#### ACTION ITEM:
Although the data below contains pictures, output only the lines between those holding "Καρέκλα Jetta-I Cappucino" and "Alice + Olivia", inclusive, exactly and without those pictures.
BEGIN SUPPLIED RECORDS
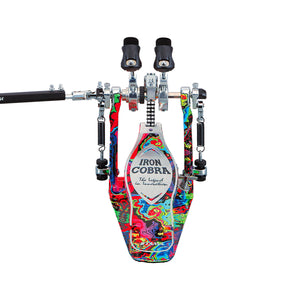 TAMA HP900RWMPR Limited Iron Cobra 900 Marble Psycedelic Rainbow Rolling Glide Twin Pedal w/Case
END SUPPLIED RECORDS
BEGIN SUPPLIED RECORDS
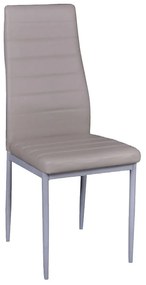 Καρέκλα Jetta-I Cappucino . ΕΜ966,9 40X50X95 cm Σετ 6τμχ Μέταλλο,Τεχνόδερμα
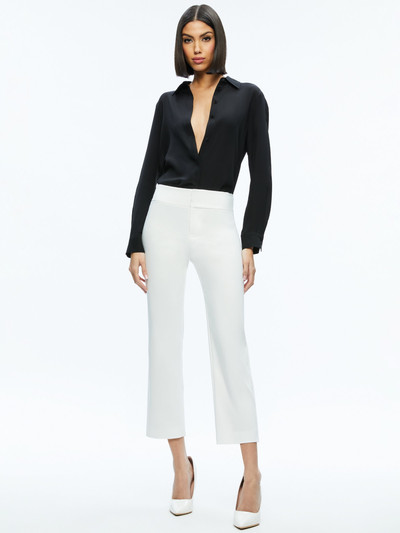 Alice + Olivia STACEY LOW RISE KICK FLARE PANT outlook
END SUPPLIED RECORDS
#### ANSWER BOX:
 Καρέκλα Jetta-I Cappucino . ΕΜ966,9 40X50X95 cm Σετ 6τμχ Μέταλλο,Τεχνόδερμα
 Alice + Olivia STACEY LOW RISE KICK FLARE PANT outlook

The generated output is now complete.